By Rex HoggardJuly 17, 2018, 3:35 pm

CARNOUSTIE, Scotland – Following his victory two weeks ago at A Military Tribute at the Greenbrier, Kevin Na said his second triumph on the PGA Tour was the most rewarding of his career.

Although he declined to go into details as to why the victory was so gratifying at The Greenbrier, as he completed his practice round on Tuesday at the Open Championship, Na shed some light on how difficult the last few years have been.

“I went through the yips. The whole world saw that. I told people, 'I can’t take the club back,'” Na said on Tuesday at Carnoustie. “People talked about it, 'He’s a slow player. Look at his routine.' I was admitting to the yips. I didn’t use the word ‘yip’ at the time. Nobody wants to use that word, but I’m over it now so I can use it. The whole world saw it.”

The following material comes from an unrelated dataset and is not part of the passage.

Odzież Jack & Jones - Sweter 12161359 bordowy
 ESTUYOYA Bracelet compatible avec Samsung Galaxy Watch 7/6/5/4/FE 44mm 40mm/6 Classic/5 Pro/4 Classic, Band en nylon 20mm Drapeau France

Full-field tee times from the 147th Open Championship

Full coverage of the 147th Open Championship


Na, who made headlines for his struggles to begin his backswing when he found himself in the lead at the 2012 Players Championship, said he asked other players who had gone through similar bouts with the game’s most dreaded ailment how they were able to get through it.

“It took time,” he said. “I forced myself a lot. I tried breathing. I tried a trigger. Some guys will have a forward press or the kick of the right knee. That was hard and the crap I got for it was not easy.”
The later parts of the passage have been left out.